What P.T. Anderson Used or Did Not Out of Pynchon’s Novel

Paul Thomas Anderson‘s One Battle After Another” is loosely based on Thomas Pynchon‘s 1990 novel “Vineland.”
The director previously adapted his 2009 novel “Inherent Vice” with the 2014 film of the same name.
During a Q&A after an early screening, Anderson confirmed, “I struggled for years to try to adapt it.” Conceptualizing “One Battle After Another” and a proper “Vineland” adaptation waned over time as details about the film emerged.
Pynchon’s maddeningly complex work can finally provide a diagnosis.
The Characters
Though their names are changed, DiCaprio’s Bob Ferguson is inspired by “Vineland” protagonist Zoyd Wheeler, an ex-revolutionary living out in retirement in northern California.
The film also includes Bob’s wild daughter Willa Ferguson (Chase Infiniti), who parallels Zoyd’s daughter Prairie Wheeler; Willa’s estranged mother and ex-revolution leader, Perfidia Beverly Hills (Teyana Taylor), stands in for the book’s Frenesi Gates; antagonist Colonel Steven J. Lockjaw (Sean Penn), who’s the book’s federal prosecutor Brock Vond.
Anderson gives great depth to his characters. Bob, Perfidia, Willa, Lockjaw show emotionsal growth throughout the film. It’s easier to process the emotions and reactions of actors on screen than of names in text.
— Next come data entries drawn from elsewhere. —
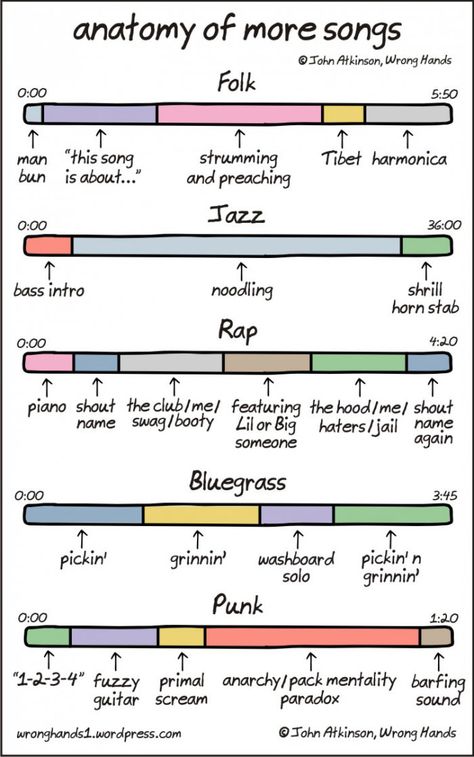 Anatomy of Songs (Part 2) Song Arrangement, Not Musik, Music Jokes, Music Writing, Music Mood, Music Humor, Music Memes, Music Theory, Music Genres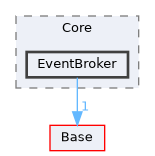 Modules/Core/EventBroker
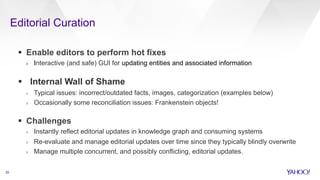 Editorial Curation
29
§  Enable editors to perform hot fixes
›  Interactive (and safe) GUI for updating entities and associated information
§  Internal Wall of Shame
›  Typical issues: incorrect/outdated facts, images, categorization (examples below)
›  Occasionally some reconciliation issues: Frankenstein objects!
§  Challenges
›  Instantly reflect editorial updates in knowledge graph and consuming systems
›  Re-evaluate and manage editorial updates over time since they typically blindly overwrite
›  Manage multiple concurrent, and possibly conflicting, editorial updates.
 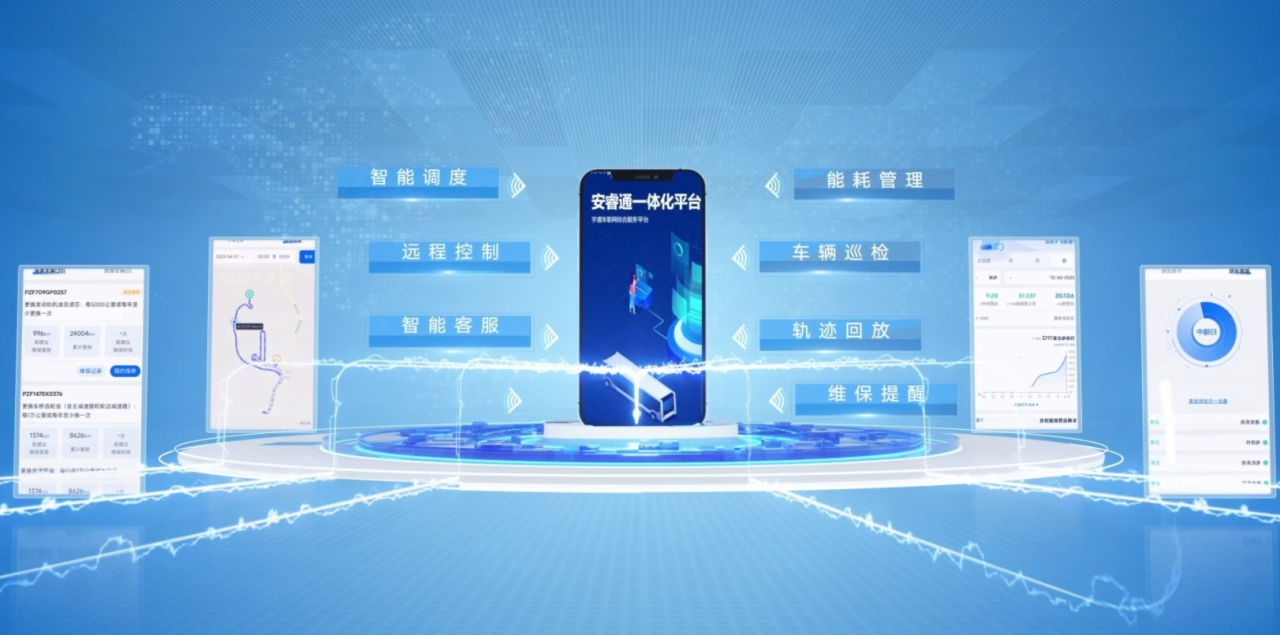 宇通礦卡安睿通-助力福建誠輝紫金鋅業(yè)“?！敝瞧凭众A新篇！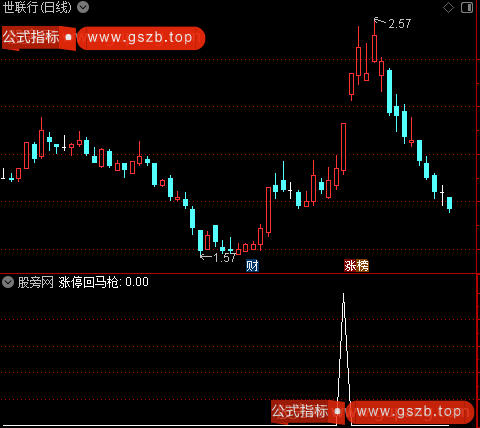 量化强度主图之涨停回马枪选股指标公式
Nevertheless, Pynchon’s characters are more like mysterious figments of an avant-garde film; they rarely feel like actual people.
The Plot
The plots are similar: an ex-revolutionary is forced back into action after his daughter is kidnapped by a former nemesis. But the film is more of a straightforward actioner, following a relatively conventional story.
The Worlds
“Vineland” takes place in a bizarre alternate reality, where southern California seceded from the U.S. in the 1960s, where revolutionaries were a collective hellbent on exposing fascism, and where the federal government takes the War on Drugs literally.
“One Battle After Another” doesn’t lean quite as allegorical. While there is a 16-year chronological leap in the film’s first act, it doesn’t make dichotomous statement about the perspective of the two timelines.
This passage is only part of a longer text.